## What you need to do
Copy out exactly the lines from the one containing "London Southend Airport" to the end of the records below, both included, and nothing else.
------------------------------------
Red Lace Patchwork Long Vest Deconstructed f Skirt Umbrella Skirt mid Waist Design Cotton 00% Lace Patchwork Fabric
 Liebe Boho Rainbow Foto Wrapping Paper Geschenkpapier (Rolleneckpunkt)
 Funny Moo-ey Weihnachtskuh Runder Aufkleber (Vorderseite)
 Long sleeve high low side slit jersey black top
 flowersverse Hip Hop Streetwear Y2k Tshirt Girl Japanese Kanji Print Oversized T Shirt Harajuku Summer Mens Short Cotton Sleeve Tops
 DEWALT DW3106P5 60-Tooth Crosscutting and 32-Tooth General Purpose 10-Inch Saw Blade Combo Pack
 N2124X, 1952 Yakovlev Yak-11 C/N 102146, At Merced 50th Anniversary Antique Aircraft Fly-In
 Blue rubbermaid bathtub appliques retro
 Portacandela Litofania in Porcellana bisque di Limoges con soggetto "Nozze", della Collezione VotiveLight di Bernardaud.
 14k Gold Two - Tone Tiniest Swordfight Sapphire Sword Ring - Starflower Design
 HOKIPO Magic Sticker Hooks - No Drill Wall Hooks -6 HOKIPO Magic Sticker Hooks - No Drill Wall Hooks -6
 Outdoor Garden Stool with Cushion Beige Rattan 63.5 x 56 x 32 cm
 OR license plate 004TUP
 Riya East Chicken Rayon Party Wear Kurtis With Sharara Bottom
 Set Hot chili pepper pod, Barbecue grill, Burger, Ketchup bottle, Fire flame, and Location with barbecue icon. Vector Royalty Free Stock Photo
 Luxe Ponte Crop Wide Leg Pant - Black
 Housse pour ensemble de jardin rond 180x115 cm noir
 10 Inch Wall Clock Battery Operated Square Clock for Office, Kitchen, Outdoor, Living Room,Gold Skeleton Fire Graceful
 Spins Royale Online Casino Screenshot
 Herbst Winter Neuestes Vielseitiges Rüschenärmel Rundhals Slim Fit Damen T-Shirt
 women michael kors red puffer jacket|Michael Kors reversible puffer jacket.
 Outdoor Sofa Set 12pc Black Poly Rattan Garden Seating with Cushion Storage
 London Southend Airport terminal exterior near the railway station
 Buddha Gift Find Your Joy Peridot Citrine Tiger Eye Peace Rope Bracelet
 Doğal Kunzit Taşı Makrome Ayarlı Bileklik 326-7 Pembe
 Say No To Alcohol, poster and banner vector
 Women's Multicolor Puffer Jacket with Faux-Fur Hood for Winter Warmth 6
------------------------------------
## Answer box
 London Southend Airport terminal exterior near the railway station
 Buddha Gift Find Your Joy Peridot Citrine Tiger Eye Peace Rope Bracelet
 Doğal Kunzit Taşı Makrome Ayarlı Bileklik 326-7 Pembe
 Say No To Alcohol, poster and banner vector
 Women's Multicolor Puffer Jacket with Faux-Fur Hood for Winter Warmth 6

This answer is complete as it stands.